Announcing the decision to the London Stock Exchange, Santander UK said it is “reviewing the consultation in detail to understand its potential implications noting that the FCA’s proposed approach differs in important respects from the Supreme Court’s ruling, the legal basis for the redress scheme’s relevant period is not clear and it remains at the consultation stage.”

As a result, the lender said, “there is therefore uncertainty regarding the final scope, methodology and timing of any redress scheme that may ultimately be implemented.”

 Santander UK anticipates being in a position to provide further information in connection with its fourth quarter 2025 results.

While the bank does not suggest it will need to increase its existing provision for compensation payments, currently  £295 million, it says “even in a severe downside scenario”, it does not expect any potential increase to the existing provision would have a material adverse impact on its capital or liquidity positions, operations, financial condition, or prospects.

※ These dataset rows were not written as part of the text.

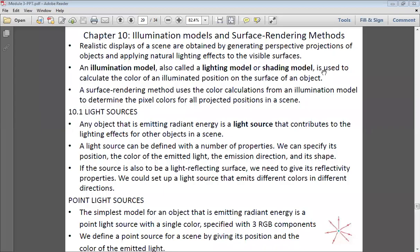Hello students, welcome to the fourth class of module three of your computer graphics and visualization. In the previous class, we discussed translation, rotation, scaling, reflection, and shear operations. We also covered some concepts from chapter 10 — illumination models and surface rendering methods.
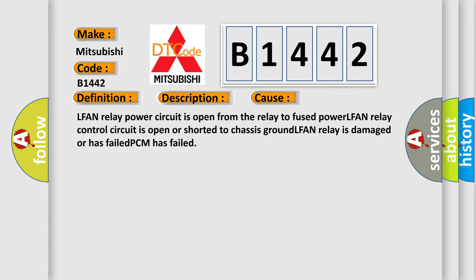This diagnostic error occurs most often in these cases: LFAN relay power circuit is open from the relay to fused power. LFAN relay control circuit is open or shorted to chassis ground. LFAN relay is damaged or has failed.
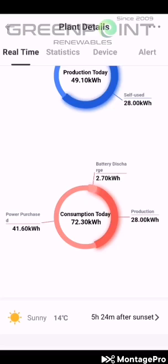Down here you'll see the power purchased from ESCOM was 41.6 kilowatt for the day. Over here production was 28 kilowatt. And here in the middle, consumption today is the overall total used for the full day — it runs from 12 o'clock midnight to 12 o'clock midnight. That's for the stats.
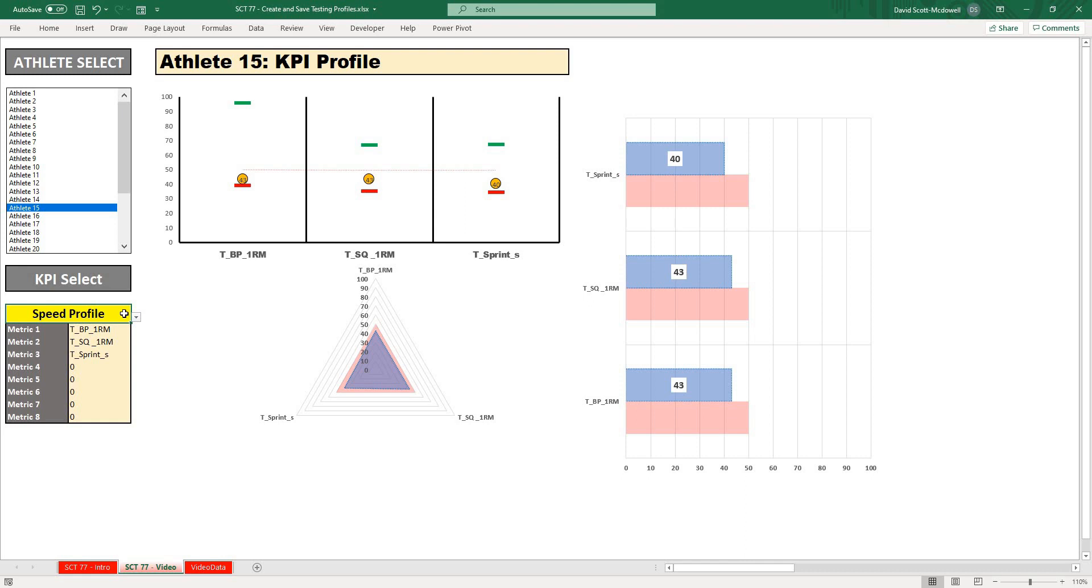You could use this any way you want to set up different profiles for your teams, your athletes, or however you want. So I hope this trick helps you out.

Instead, the lender says it wants to focus on  fair outcomes for its customers, and will “continue engaging constructively with the FCA, HM Treasury and other stakeholders throughout this process.”

Santander UK Chief Executive Mike Regnier said: “We believe that the level of concern in the industry and market is such that material changes to the proposed FCA redress scheme should be an active consideration for the UK Government.

“Without such change, the unintended consequences for the car finance market, the supply of credit and the resulting negative impact on the automotive industry and its supply chain could significantly impact jobs, growth and the broader UK economy. This could also cause significant detriment to the consumer.

“While the FCA considers the outcome of its consultation, we believe it is our duty to do all we can to secure an orderly and fair outcome from this consultation process. This is not a question of investor versus customer interest, quite the reverse. What is at stake is the supply of credit that customers need and that supports a very important sector for the economy.”